May & Nölke: Capitalism in Large Emerging Economies and the New Global Trade Order

From the Introduction:

Large emerging economies have increased their share of the global economy quite substantially over the last decades. Whereas discussions regarding the international political economy previously were focused on the US, EU and Japan, today this focus would be difficult to uphold anymore. In particular China, India and Brazil easily surpassed the established economies in terms of GDP growth, trade growth and industry value added growth during the last 30 years.
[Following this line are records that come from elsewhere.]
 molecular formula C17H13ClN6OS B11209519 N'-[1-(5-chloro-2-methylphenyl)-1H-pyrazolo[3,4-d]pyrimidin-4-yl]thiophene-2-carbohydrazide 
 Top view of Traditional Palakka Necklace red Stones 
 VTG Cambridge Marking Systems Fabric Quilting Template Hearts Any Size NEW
Although these figures fluctuate quite substantially on a yearly basis, there are no sound reasons to assume that this long-term tendency is likely to reverse any time soon. Correspondingly, countries such as Brazil, China and India increasingly have to be counted as heavyweights regarding the future of the global economy. Moreover, the large emerging markets recently have begun to organize themselves, in order to coordinate their activities regarding the global economic order. Examples for this coordination include the institutionalized cooperation between India, Brazil and South Africa (IBSA), the BASIC alliance (also including China), or the BRICS grouping, additionally comprising of Russia. In the long term, we thus may assume that we do not only witness a shift in economic importance in favor of large emerging economies, but also a conscious effort by the latter in order to influence global economic rules.
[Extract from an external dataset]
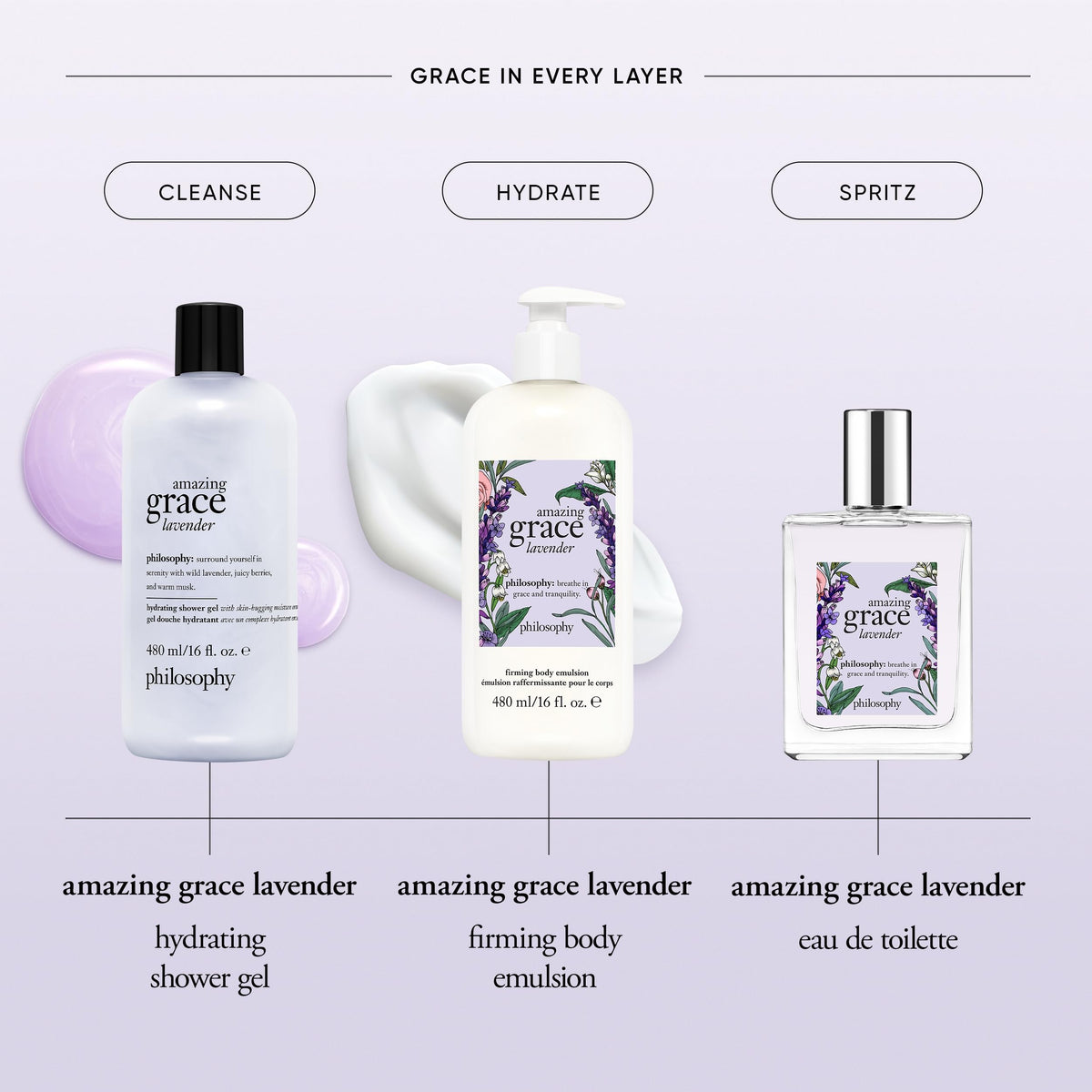 Texture crémeuse du Gel Douche Lavande philosophy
The likely consequences of the rise of the large emerging economies for the global economic order have been discussed widely during recent years (e.g., Cooper et al. 2007; Hurrell 2006; Subacchi 2008). However, the large emerging markets so far have focused on getting a seat at the table (e.g. larger voting rights in the Bretton Woods-institutions, participation in the Basle Committee), and have only just begun to outline their demands regarding specific policies. Thus, on the substance of this new global economic order, many of the existing accounts are either heavily speculative or, in contrast, purely descriptive and thus unable to make any substantial statement regarding the likely future course of events.

In order to overcome this state of affairs, our approach is based on the assumption that we need to develop clear analytical perspectives on the behavior of large emerging economies regarding the global economic order, if we want to surpass a state of discussion that is overly descriptive and/or speculative. The specific perspective that we are developing in this contribution is a “second image” one, in the terminology of Waltz (2001), i.e. we are highlighting the importance of domestic economic structures for the explanation of global economic policies. In contrast to liberal theories of international relations (Moravcsik 1997, Schirm 2012), however, we do not focus on the interactions between domestic societal interest groups and governments, but rather study the broad capitalist structures that have evolved in large emerging markets. The reason is twofold: On the one side, we are interested in the long-term evolution of emerging markets’ positions on the global economic order, a research interest that does not lend itself well to the demarcation of the issue-specific preferences of particular interest groups in individual countries, the usual approach of these liberal theories. On the other side, we are deeply skeptical regarding the application of conventional liberal-pluralist models of democratic policy-making to countries such as China, but also Brazil and India. Instead, we assume – in a more historical-institutionalist perspective – that the type of capitalism dominating in the large emerging economies will also determine their long-term preferences regarding the global economic order, i.e. they will want to make sure that global economic rules do not inhibit the functioning of their domestic economic order (Fioretos 2011). More specifically, we are situating our analysis in the approach of critical institutionalism within comparative capitalism (May and Nölke 2013), i.e. we are comparing national capitalist institutions from a perspective that is highlighting the historical evolution of specific forms of capitalism, based on their mode of integration into the global political economy and on domestic class struggles. Form this perspective, we are arguing that there are important commonalities between the national varieties of capitalism that have developed in the large emerging markets, and that this new type of capitalism is an important determinant of the future global economic order.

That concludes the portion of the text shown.